12 July 2023 9:27 AM GMT
A Constitution Bench of the Supreme Court on Wednesday decided to defer for two months the hearing of a reference which raises the issue whether a person, who is ineligible to be appointed as an arbitrator, can appoint an arbitrator. The matter was listed before a bench comprising Chief Justice of India DY Chandrachud, Justice Hrishikesh Roy, Justice PS Narasimha, Justice Pankaj Mithal,...
A Constitution Bench of the Supreme Court on Wednesday decided to defer for two months the hearing of a reference which raises the issue whether a person, who is ineligible to be appointed as an arbitrator, can appoint an arbitrator. The matter was listed before a bench comprising Chief Justice of India DY Chandrachud, Justice Hrishikesh Roy, Justice PS Narasimha, Justice Pankaj Mithal, and Justice Manoj Misra.
At the outset, the Attorney General for India R Venkataramani, appearing for the Union Government, seeking for deferment in the matter, submitted–
"The matter could be deferred for a while till the committee gives its report. It is a consultative process."
Senior Advocate Fali Sam Nariman echoed a similar sentiment and said–
"That would be preferable because the reference by government is really on a new law to be enacted.
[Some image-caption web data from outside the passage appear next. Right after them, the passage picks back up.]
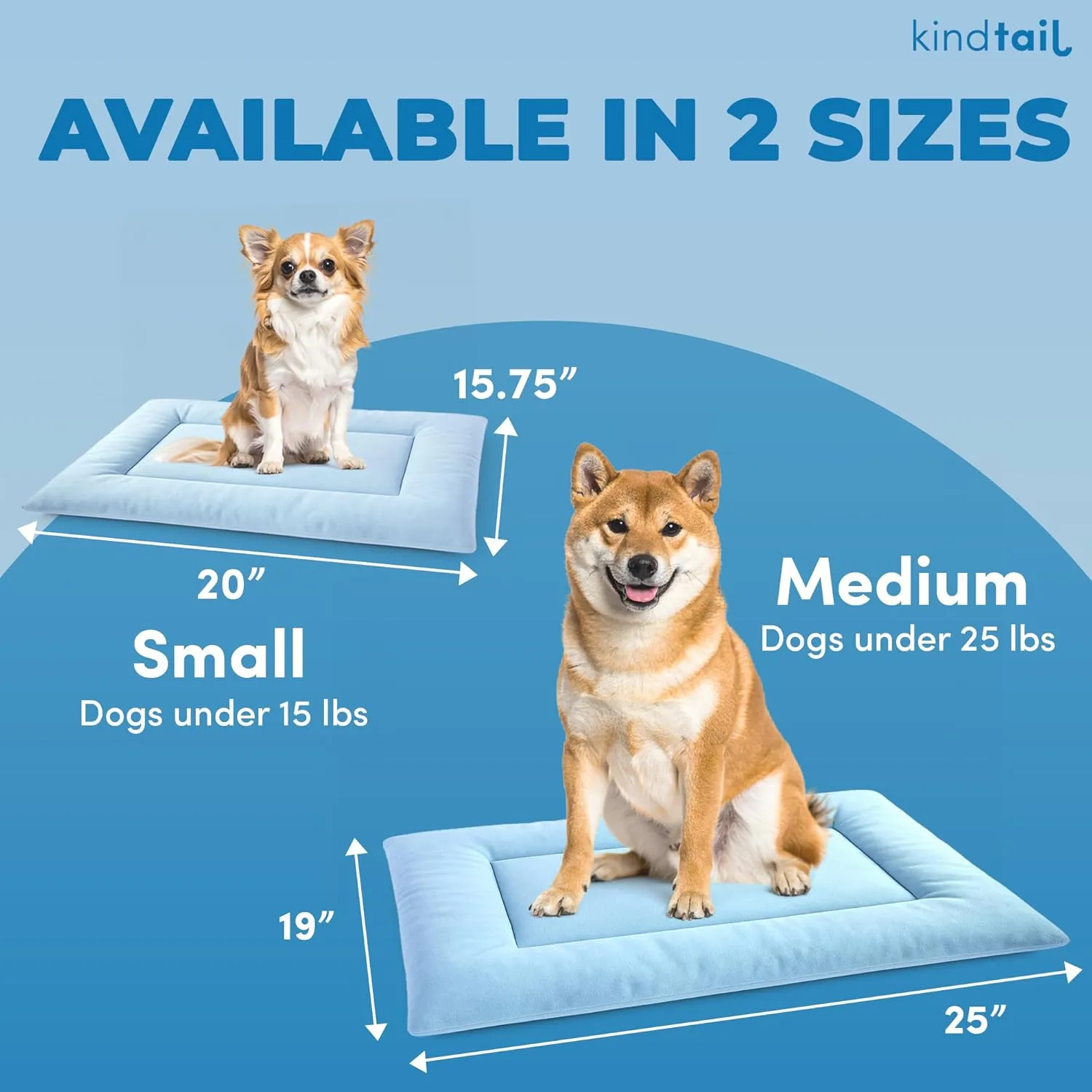 KindTail Dog Crate Pad - Soft Velvet, Reversible Bed - Machine Washable Kennel Mat for Pets up to 15 lbs, Mattress for Cozy Sleeping - 20 x 15 x 1 (Light Grey, Small)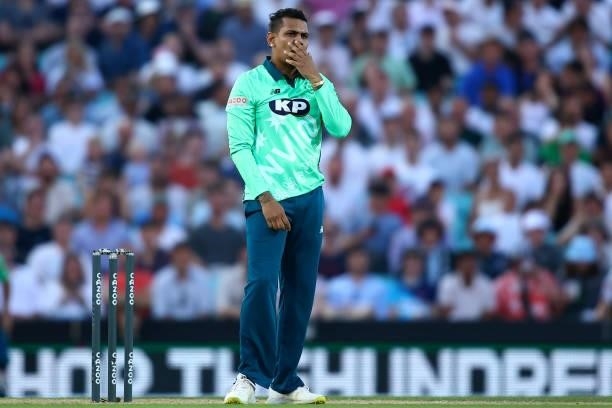 Sunil Narine of the Oval Invincibles looks on during The Hundred match between Oval Invincibles Men and Manchester Originals Men at The Kia Oval on...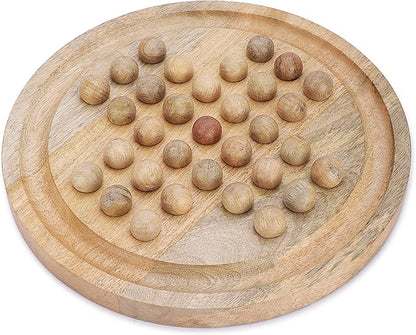 Ajuny Wooden Solitaire Board Game 10.8 Inch – Handmade Peg Solitaire Strategy Puzzle Classic Single Player Marble Chess Brain Teaser Mind Game for Kids &amp Adults Decorative Tabletop Games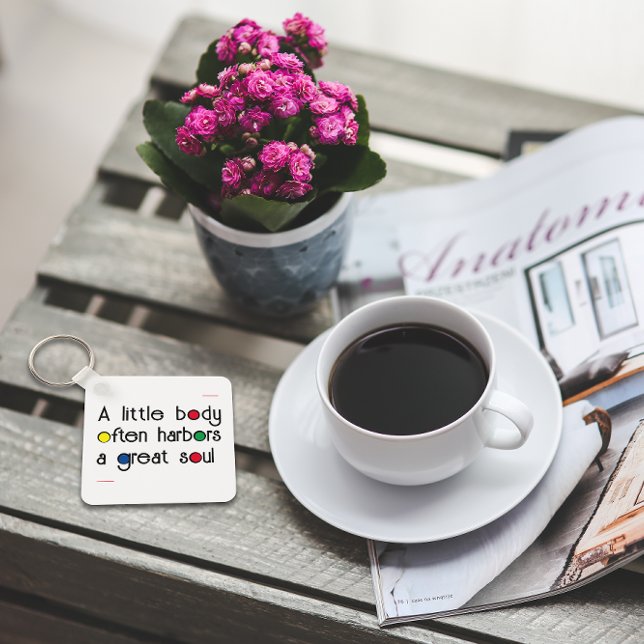 Chaveiro Citação da letra branca negra, excelente alma (Criador carregado)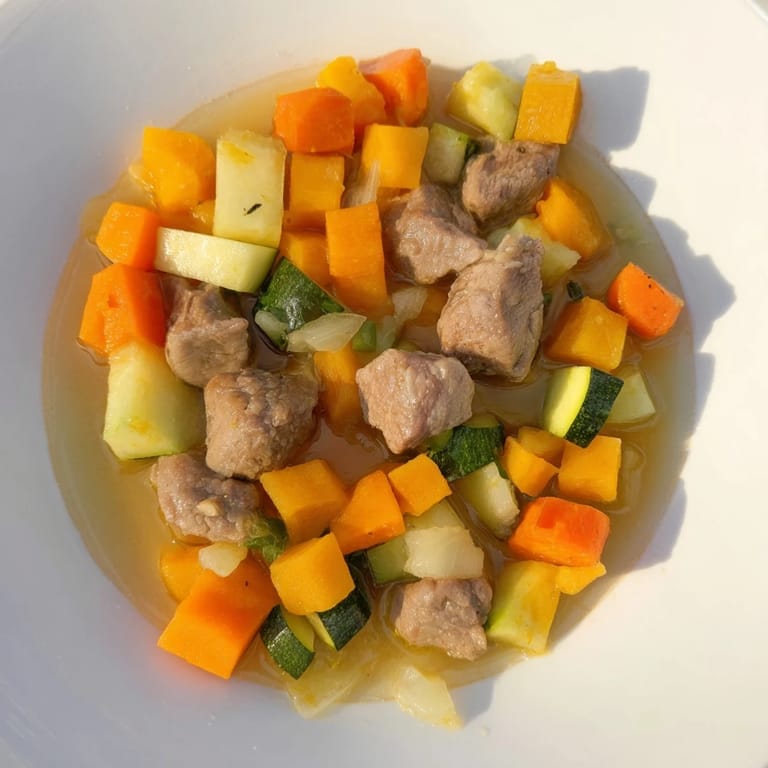 Brightly plated Sweet Lamb Platter for Baby, full of soft lamb and sweet potato, perfect for little hands.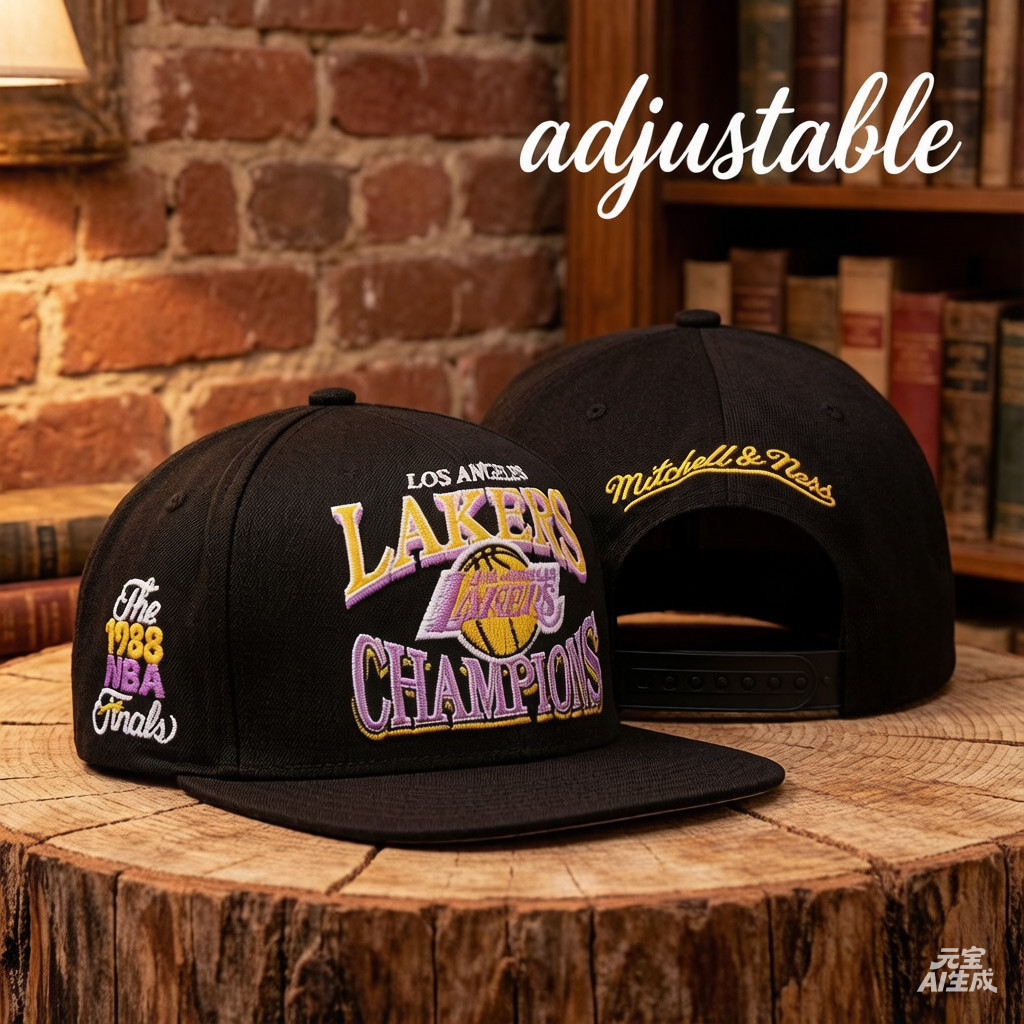 Nam Los Angeles Lakers Mitchell & Ness Đen Gỗ Cứng Cổ Điển SOUL Champions Era Kim Cương Snapback Hat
That seems to be the memorandum of the government. So we do not know if the new law will be enacted or not".
They were referring to the sixteen-member expert committee which has been constituted by the Ministry of Law and Justice on June 14, 2023. The committee, headed by Dr. T.K. Vishwanathan, Former Secretary of the Department of Legal Affairs, is for examining the working of arbitration law in India and recommending reforms in the Arbitration and Conciliation Act, 1996. The step was taken to limit the requirement for parties to seek judicial intervention by approaching courts.
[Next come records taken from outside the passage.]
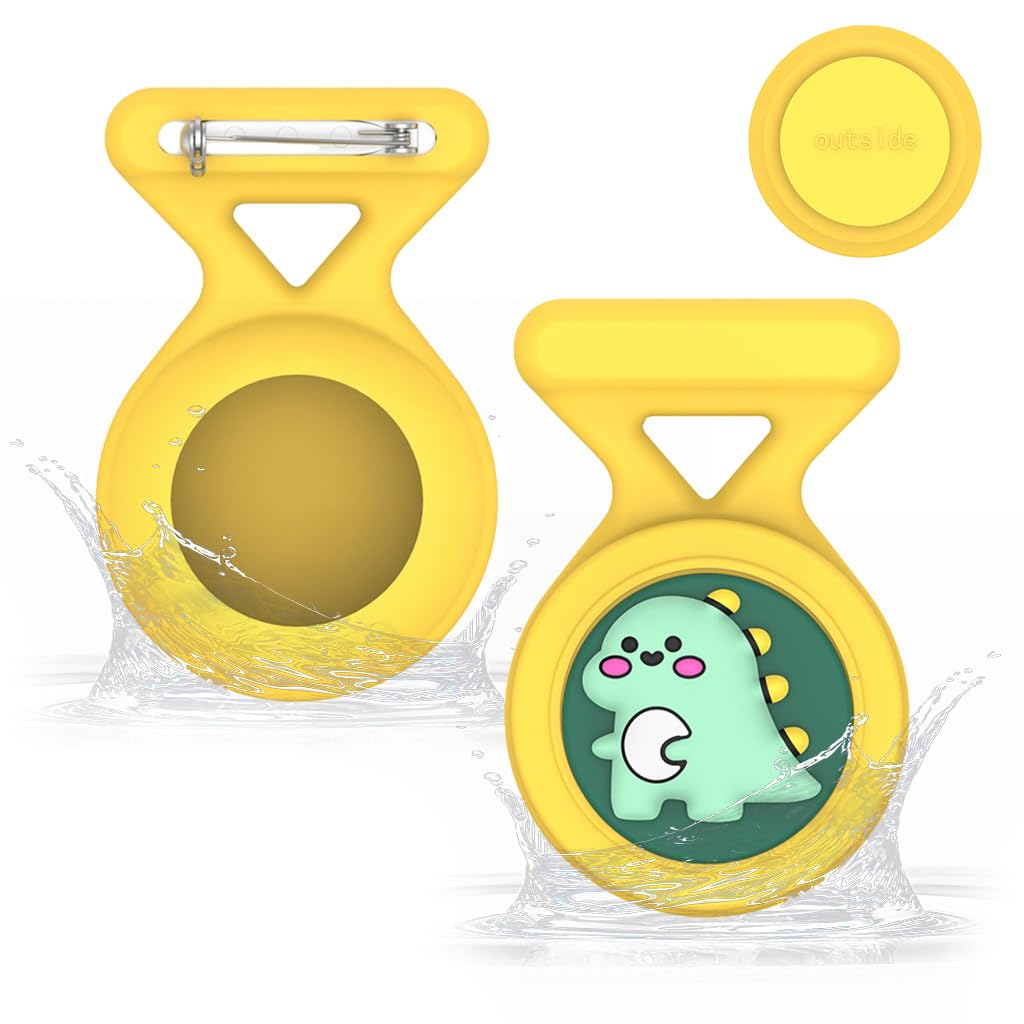 ZORBES Waterproof AirTag Holder Cartoon Dino Yellow Brooch Pin AirTag Holder Silicone Waterproof AirTag Holder Anti-lost Brooch Pin AirTag Holder for Kids, Luggage, Bag, Backpack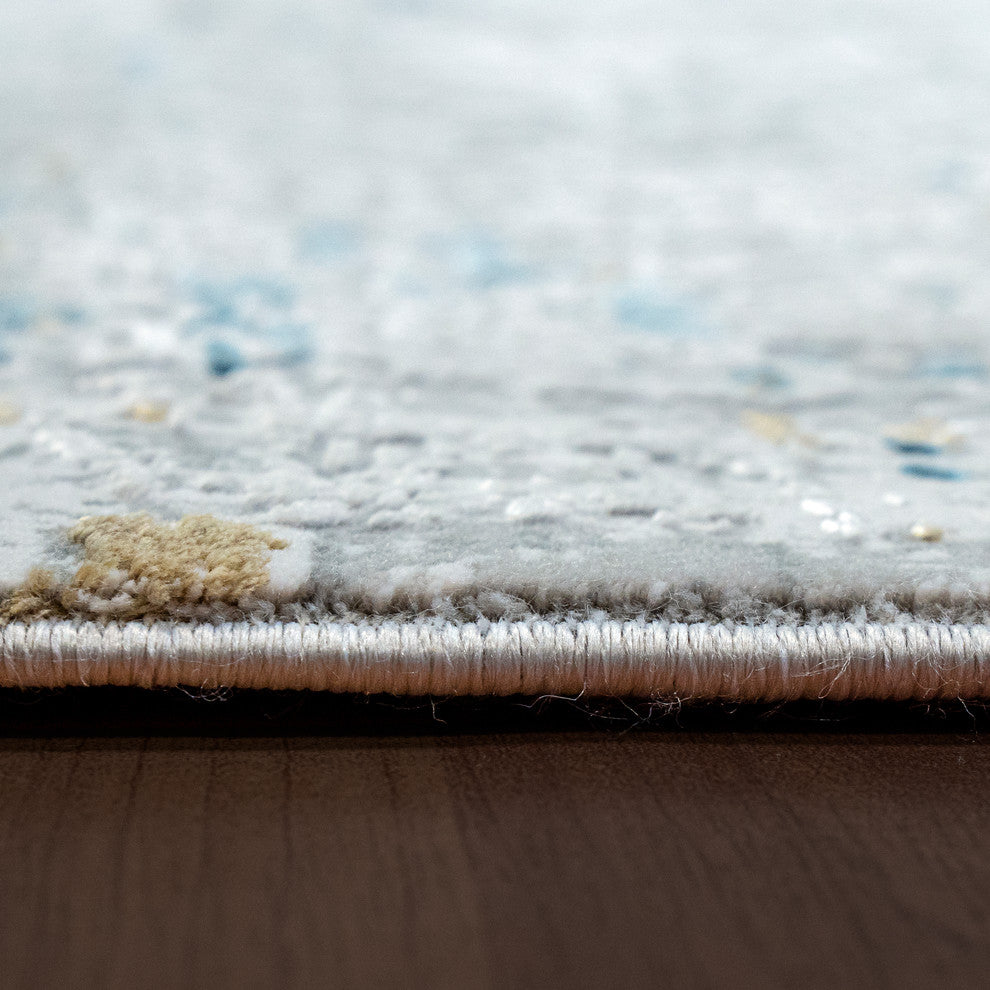 Ruby Gray and Blue Area Rug, 7.10'x10.10'
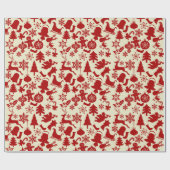 Papier Cadeau Red Multi Motif Festive Papier d'enveloppement de  (Plat)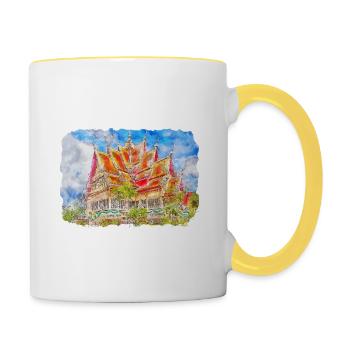 Thaïlande Aquarelle Esquisse Dessinée à la Main Illustration - Mug contrasté - blanc/jaune - Droite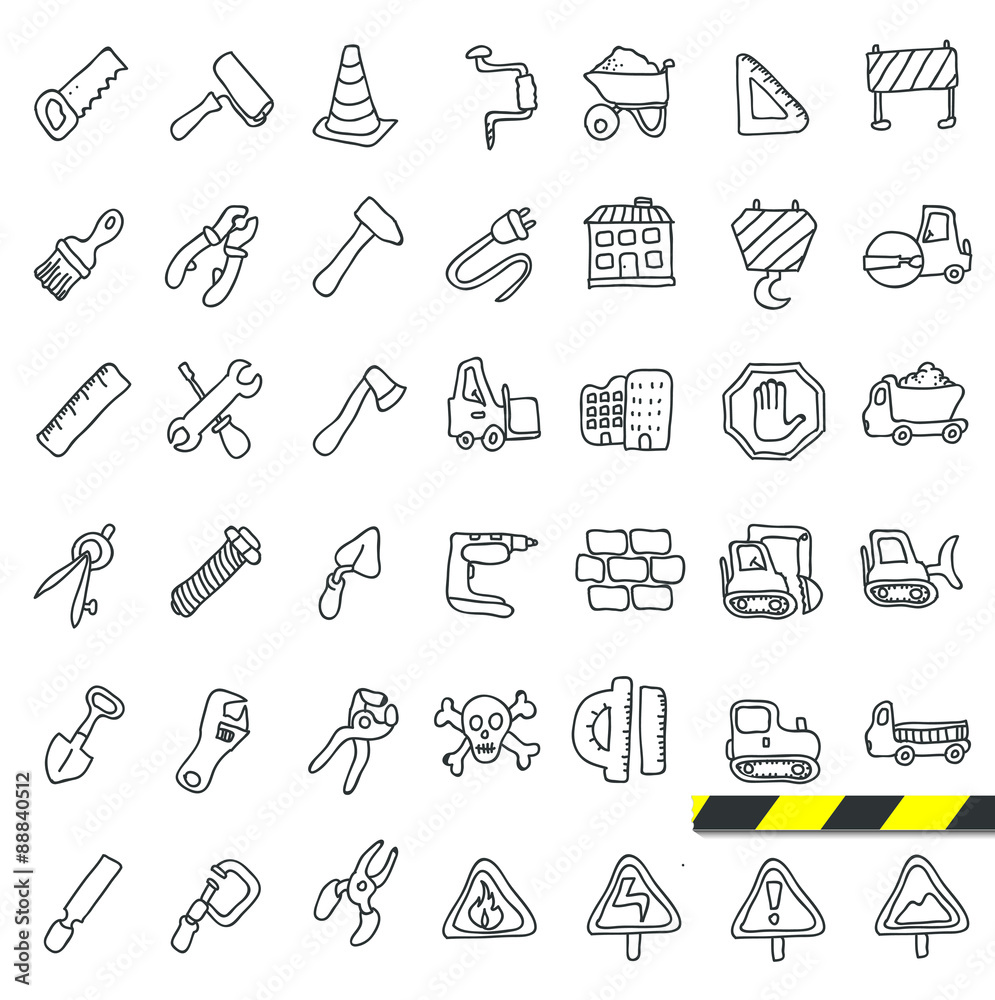 Construction Icons set.Illustration EPS10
Upon the requests of deferment, CJI DY Chandrachud asked–
"We can defer the hearing. But what is the timeline?"
The AG responded–
"The committee should not take more than two months and I will also try to expedite the process. We will give a report back to the court as soon as deliberations are done."
The Supreme Court then agreed to defer the matter by two months. CJI DY Chandrachud, while dictating the order, said–
"We are informed that Union Govt has constituted an expert committee with a broad remit to consider the provisions of the Arbitration and Conciliation Act, 1996. The Attorney General submits that the issues which have been raised before constitution bench will also come within the remit of the committee. After report of the committee, the government will take a considered view on whether the modification of legislation is warranted. Mr Fali S Nariman has also joined in and made the same submission as has the other party. Hence, presently we direct that the two references before the Constitution bench be deferred by a period of two months. The court shall be apprised on the next date of the progress which has been made following the constitution of the committee. List on September 13, 2023."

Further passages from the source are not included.